# Sticky  AMSOIL Products for the 2016+ Gen2 Cruze



## jsusanka (Jan 31, 2011)

Cool Amsoil makes an oil filter for the new cruze.


----------



## Mrjeff (May 15, 2019)

What would I need for 2017 six speed manual trans fluid


----------



## jblackburn (Apr 14, 2012)

Mrjeff said:


> What would I need for 2017 six speed manual trans fluid


If you have a place with cold winter's, use the Synchromesh MTF. 

If you don't, the 75w-90 MTF makes a world of difference. 

Sent from my SM-G950U using Tapatalk


----------



## Mrjeff (May 15, 2019)

Yes, I’m in Pennsylvania. Are winters can get pretty cold. What kind of differences could I expect / are you talking about?I have 82,000 miles on it right now
Thanks!


----------



## jblackburn (Apr 14, 2012)

Mrjeff said:


> Yes, I’m in Pennsylvania. Are winters can get pretty cold. What kind of differences could I expect / are you talking about?I have 82,000 miles on it right now
> Thanks!


Eh, not Minnesota/Dakotas cold. I reckon you'd be fine with the 75-90 - it was fine here in Northern VA.

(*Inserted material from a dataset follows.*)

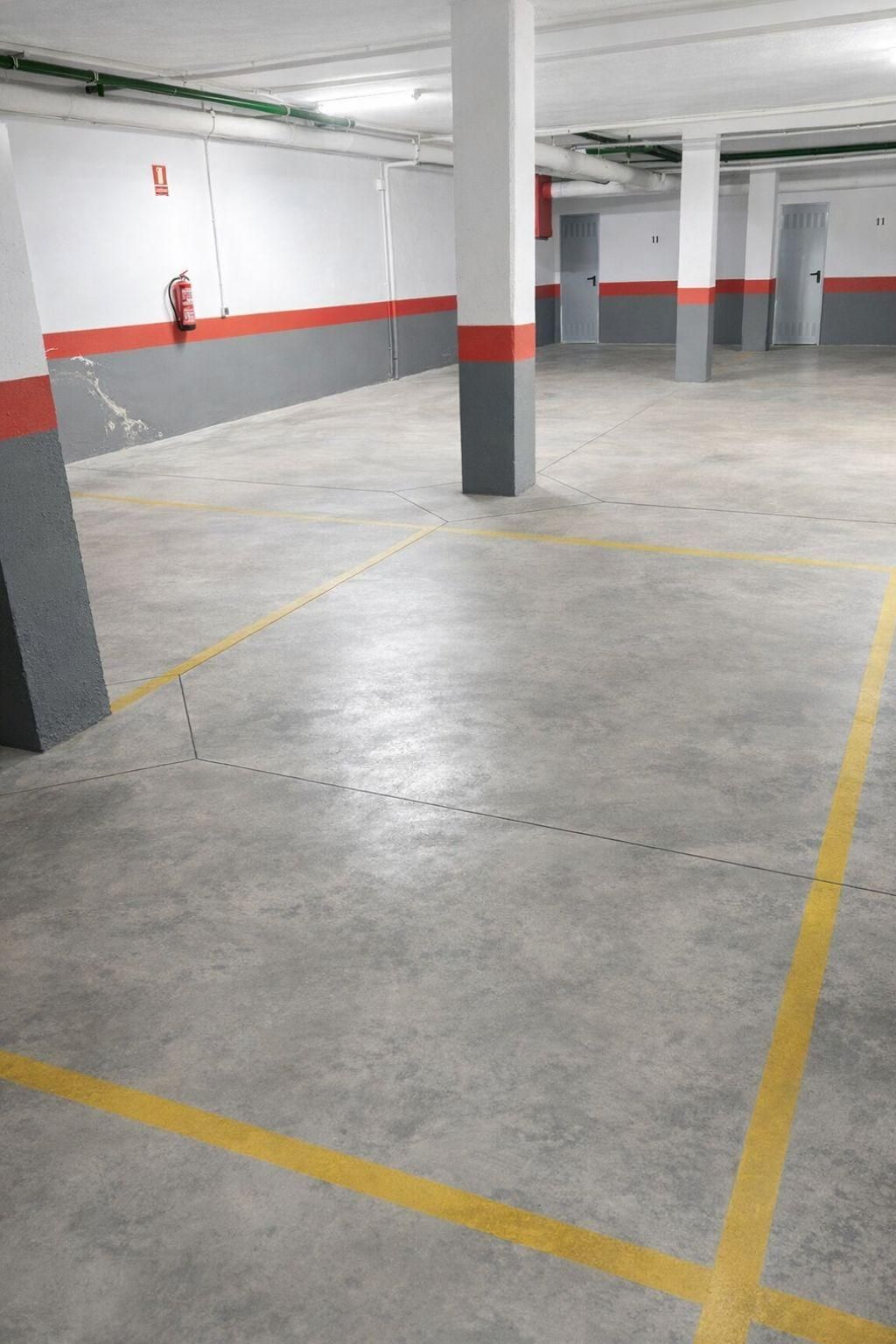 Vista exterior de Garatge en venda en  Sevilla Capital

The M32 is a clunky transmission, but that fluid made gear changes WAY smoother and reduced the # of times I'd grind 2nd.


----------



## Mrjeff (May 15, 2019)

I see, that makes sense. Since I’m replacing the slave cylinder, what do you think about using amsoil brake fluid? Any advantage to that?
Thanks Jeff


----------



## Blasirl (Mar 31, 2015)

Mrjeff said:


> I see, that makes sense. Since I’m replacing the slave cylinder, what do you think about using amsoil brake fluid? Any advantage to that?
> Thanks Jeff


I have Amsoil brake fluid and have no issues at all with brake fade and I test the system regularly


----------